I am going to play the dummy card here. But the phrase “Carrying your cross” always makes me pause. What does it mean exactly?…that phrase is one of those Christianese phrases that trips me up sometimes.
I love questions like this! The idea of “carrying your cross” is just one of many phrases that used to completely baffle me — given my completely nonreligious background, I’ve had many struggles translating Christian-speak to English (I talked about my confusion about the concept of “turning it over to God” a while back). I think I’m starting to understand it now, so here’s my stab at answering the question:
My own loose definition of “carrying my cross” would be to take the suffering and inconveniences that are in front of me right here, right now, and use them to generate love. How we you use suffering to generate love? By turning to God in trust, believing that he can make good come out of this situation, not letting the physical or mental pain act as a barrier between ourselves and the Source of all love, etc. Let me offer a concrete example that will better explain my understanding.
The Situation: Let’s say that I get another DVT, which causes me agonizing pain and leaves me unable to walk or complete even the simplest daily tasks. There are two ways I could handle this. One would involve “carrying” this “cross” of the blood clot and the inconvenience and pain it caused; the other way would involve running screaming from my cross instead of carrying it (I have a lot of familiarity with this latter way).
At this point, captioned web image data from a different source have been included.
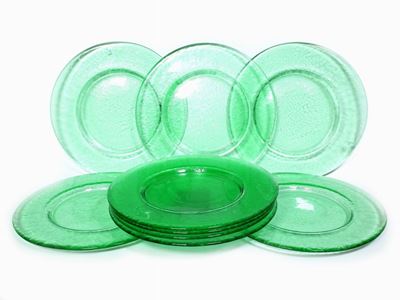Serie di Nove Sottopiatti in Vetro Verde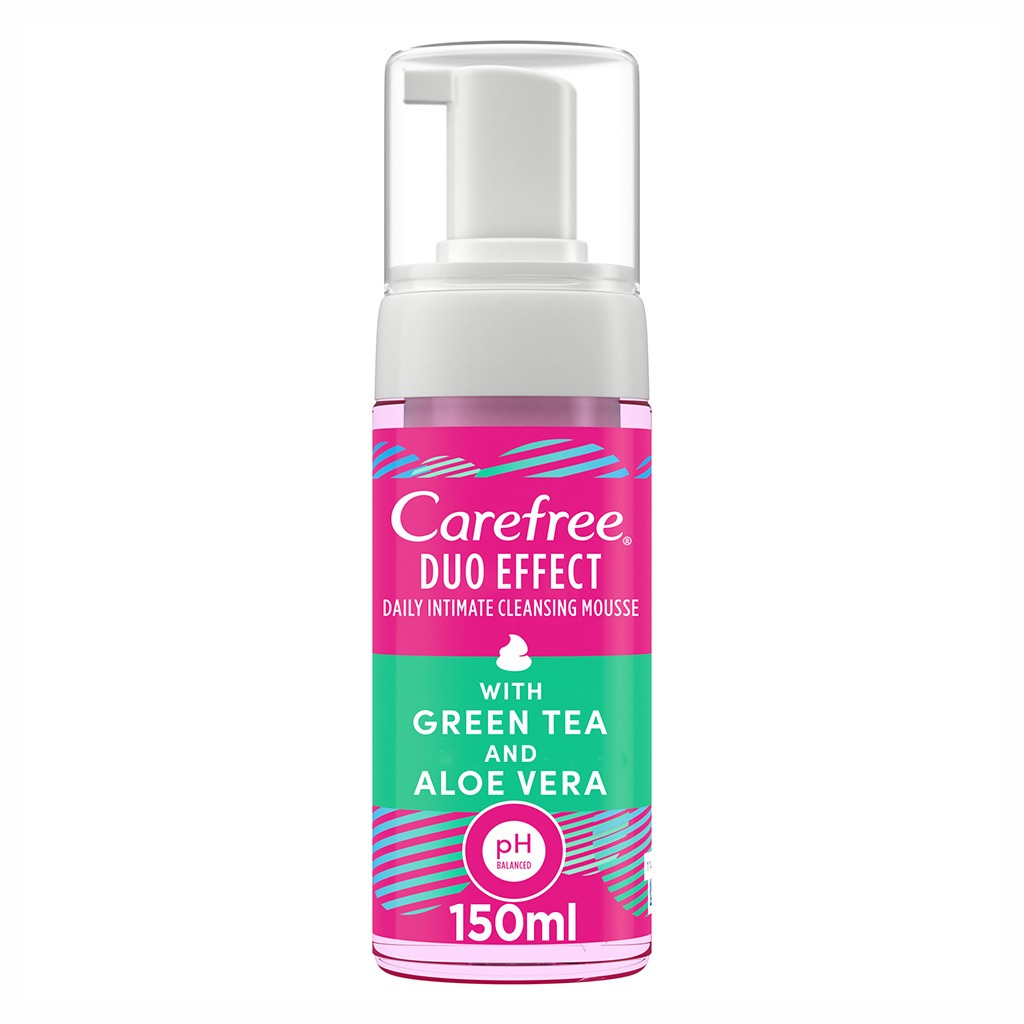 Carefree Duo Effect Daily Intimate Cleansing Foam With Green Tea & Aloe Vera 150ml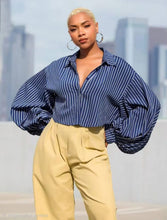 Load image into Gallery viewer, Vixey Blouse
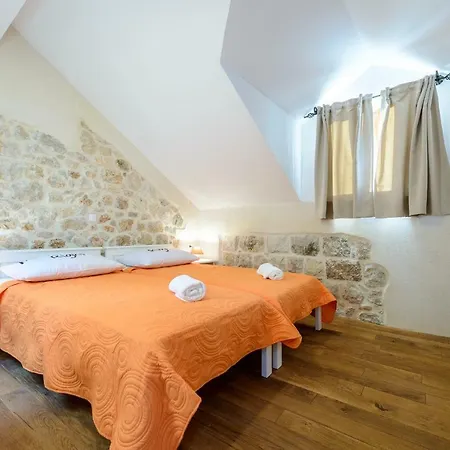 Stone-exceptional Private Estate *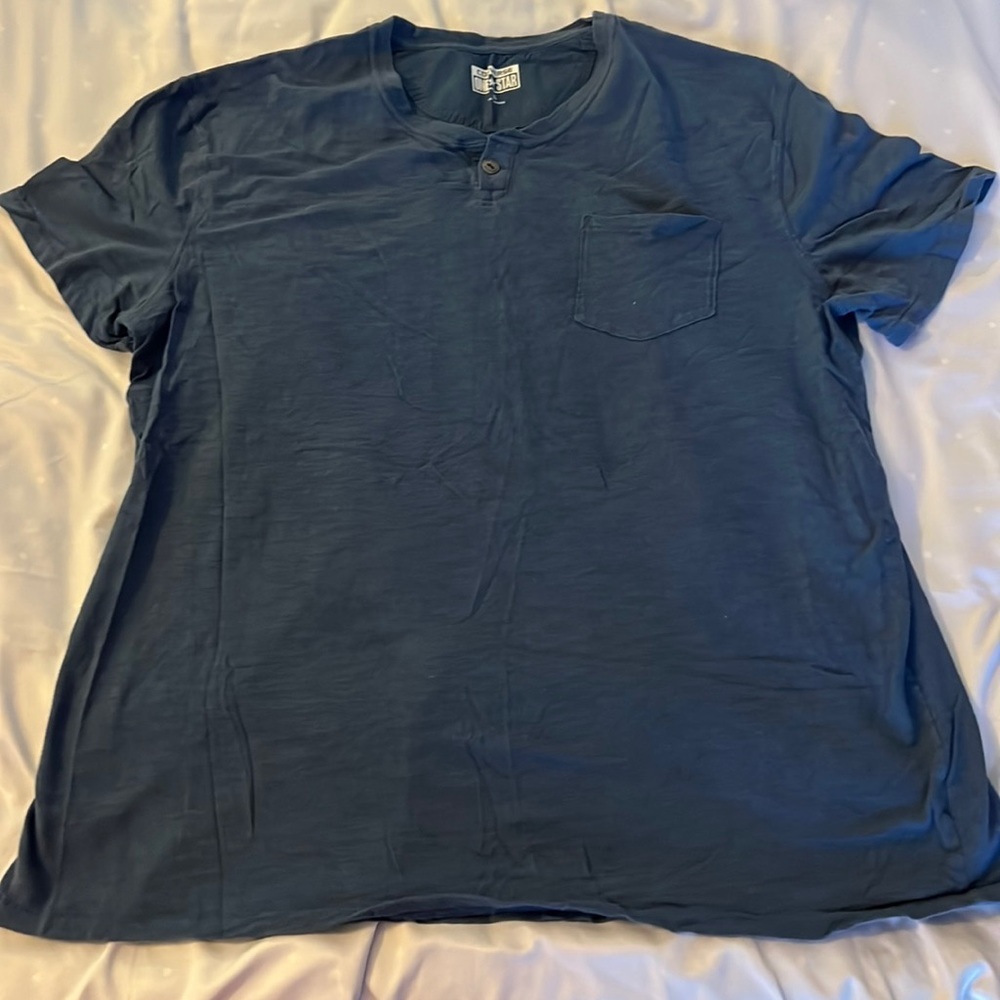 Converse tee shirt​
An example of carrying my cross: Make the conscious choice to trust that God not only can but will use this situation for good, even if the ways he will do that are not immediately apparent to me. Use my helplessness as a chance to become other-focused: reach out to friends and family and let them know how much they are loved and needed, tell my doctors how much their expertise is appreciated, think of new ways to serve my family even if I can’t walk very well, etc. Constantly look for ways in which this situation might ultimately lead me and others closer to God. Finally, in terms of the physical pain, unite it with Christ’s sufferings on the Cross, i.e. remind myself that God knows what it is to suffer, and embrace the fact that the suffering I’m experiencing can be offered as a sacrifice to God.
An example of not carrying my cross: Complain constantly. Make sure everyone knows about how much pain I’m in, even if there’s nothing they can do about it. Focus on others only to envy how much better everyone else has it than I do. Adopt a mentality that the world owes me something because I perceive that I have it so much worse than everyone else. Continue to try to control every single aspect of my life, get frustrated when I can’t because of my condition, and resort to wallowing in worry. Let my pain cause me to become almost entirely focused on myself and the concerns of this world. Forget that God knows what it is to suffer, and begin to think of him as a cold, distant deity. In my completely self-focused state, refuse to consider that anything good could possibly come of this, and think that it wouldn’t be worth it even if it did.
Interestingly, in the former situation, there is more love in the world than there was before the suffering occurred. In that latter, there is less.
So that’s my understanding of what it means to “carry your cross.” As with everything else I write, take it with a grain of salt — I’m a relatively new convert and still have a lot to learn. I’d love it if some older (in faith years, anyway) and wiser Christians wanted to take a stab at answering this one as well.